[[ Dataset content open ]]

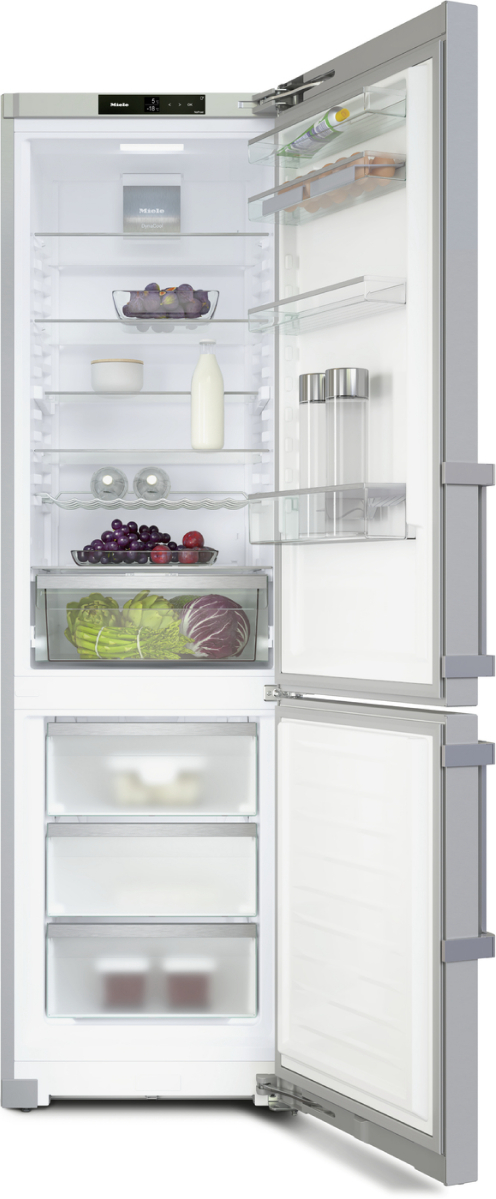 Wolnostojąca chłodziarko-zamrażarka z DailyFresh, NoFrost i ComfortClean KFN 4795 DD CleanSteel Miele - obrazek 4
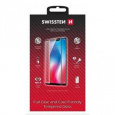 SKLO SWISSTEN FULL GLUE, COLOR FRAME, CASE FRIENDLY PRO APPLE IPHONE 17 ČERNÉ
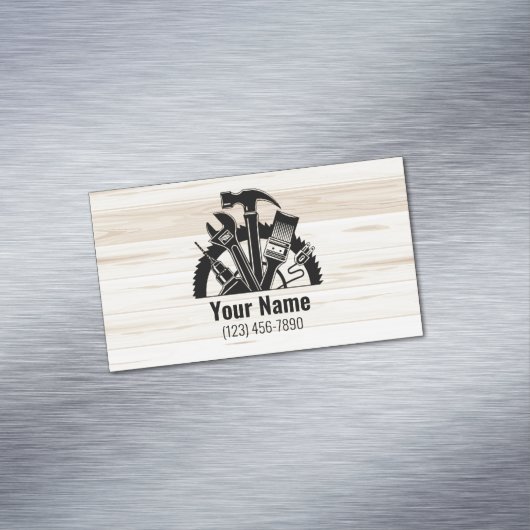 handgereedschap magnetisch visitekaartje (Voorbeeld)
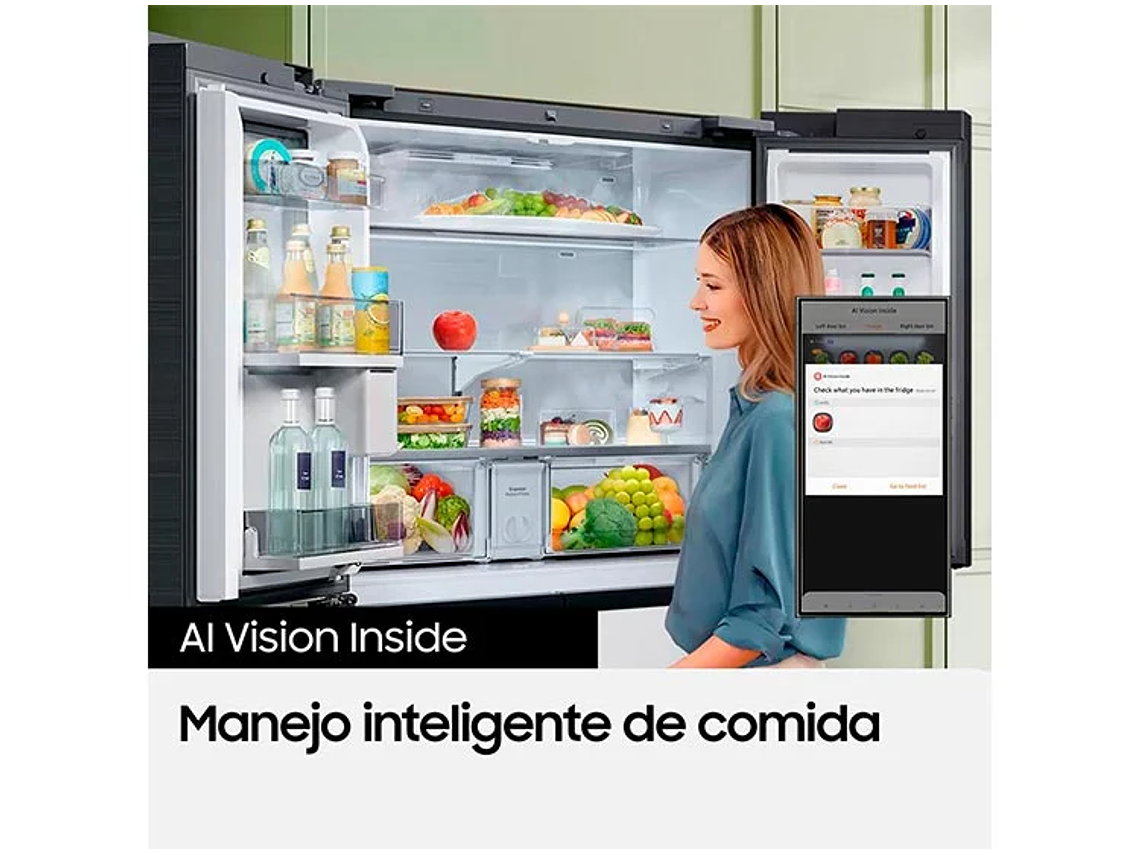 REFRIGERADOR SAMSUNG FRENCH DOOR NO FROST 699 L RF29DB9950QDZS FAMILY HUB + AI 6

[[ Dataset content closed ]]

Problem statement:
From the line that holds "SKLO SWISSTEN FULL" to the last line of the data, return those lines exactly and nothing else; both ends count, and pictures stay out.

Exercise output:
 SKLO SWISSTEN FULL GLUE, COLOR FRAME, CASE FRIENDLY PRO APPLE IPHONE 17 ČERNÉ
 handgereedschap magnetisch visitekaartje (Voorbeeld)
 REFRIGERADOR SAMSUNG FRENCH DOOR NO FROST 699 L RF29DB9950QDZS FAMILY HUB + AI 6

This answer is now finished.